After celebrating Chrome’s ten-year anniversary on Sunday, Google released today version 69 of the Chrome browser, one of the most feature-rich versions in recent years.
With today’s release, Chrome now joins Mozilla and Microsoft as browser makers who completely redesigned their browsers.
Firefox went through two major UI updates with the Aurora and Quantum releases, Microsoft replaced Internet Explorer with the lighter Edge, and, today, Google gave Chrome its first major facelift since its release in 2008.
This new user interface is easy to spot because it uses a predominantly white color tone along with rounded tabs, a big shift from Chrome’s regular grayish UI with angled tabs.
Chrome says the new UI is better fitted for mobile devices, but the jury is still out with desktop users, some of whom have been grumbling for the past few months ever since Google started testing the new design back in late April. Nonetheless, the backlash hasn’t been even close to same levels of animosity Mozilla faced when it released its Aurora interface redesign back in the early 2010s.
While Google didn’t make a big deal about it like it has in previous years when it redesigned a product, this new UI is also much more in sync with Google’s Material Design design language.
For the past two years, Google has slowly redesigned Chrome’s settings panels with a Material Design look, but with today’s release, the Material Design look has irrevocably seeped into the main browser interface as well.
But besides the unignorable new UI, Google engineers also have other surprises for Chrome 69 users.
The one that’s most impressive, at least on the security front, is Chrome’s new built-in random password generator.
Every time users will focus their cursor inside a password field, Google will generate a random password and offer it to the user. If the user chooses to use it, Chrome will automatically save it in its password store. But be advised, users must be logged into a Google account to use this new Chrome feature.
Also on the security front, Chrome 69 is another big step in Google’s plans to remove Flash from the browser.
As ZDNet reported last month, with Chrome 69, users accessing Flash-based sites will have to grant that site permission to run Flash after every browser restart. Until now, Chrome remembered per-site Flash settings, even after restarts.
The end goal is to disable Flash by default in Chrome 76 (July 2019), and remove it from Chrome for good with version 87 in December 2020, when Adobe also plans to retire Flash.
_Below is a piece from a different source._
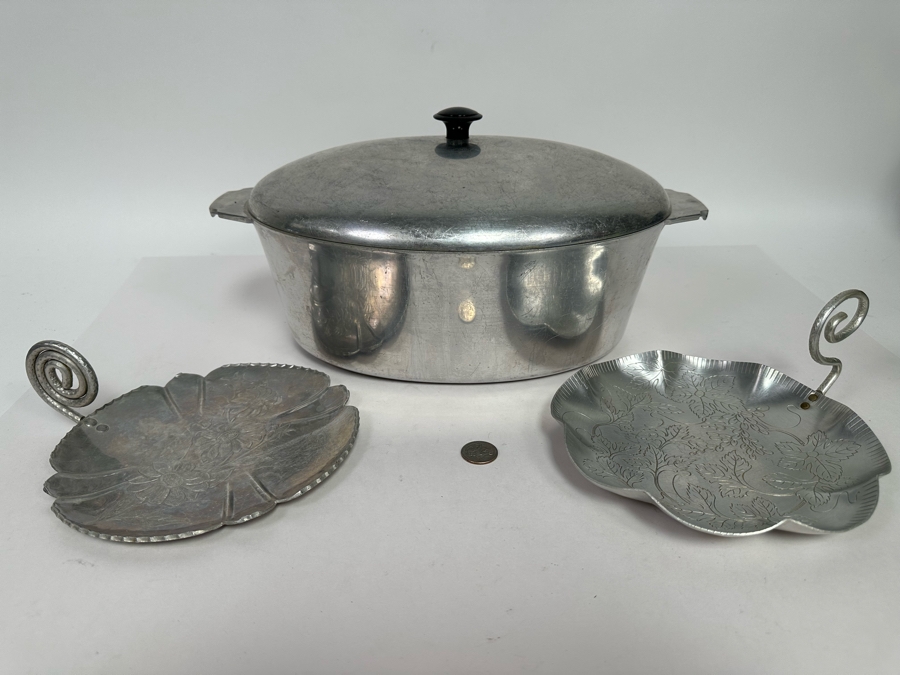 Pair Of Farber & Shlevin Hand Wrought Aluminum Trays Dishes 9.5W And American Healthcraft Large Aluminum Dutch Oven 16W [Photo 2]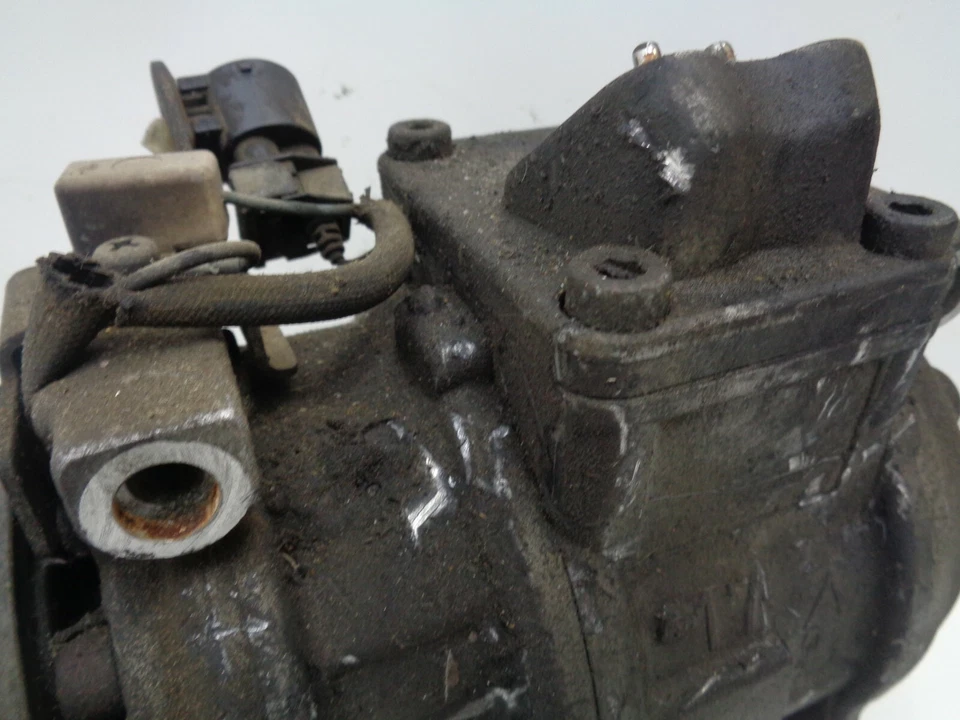 BMW 328i E36 1996-1999 compresor de aire acondicionado 8390646 OEM AK200190 Foto 3 de 4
But besides security-focused features, other changes included in this release include a revamped New Tab page in the same Material Design style.
Unlike past Chrome versions, Chrome 69’s New Tab page now lets everyone customize the links they see, something that many users have wanted to do, but for which many needed custom extensions.
The one feature ZDNet found missing in today’s release is support for Picture-in-Picture, which Google began testing in May, and which it initially planned to ship with Chrome 69.
The feature is present as a Chrome flag, but turning it on didn’t work as intended when ZDNet tested Chrome 69 before this article’s publication.
Chrome 69 also includes patches for 40 security issues and a truckload of changes in the underlying Web APIs and CSS features the browser supports. Details about these developer-centric changes are available in this Chromium blog post, but also in this video.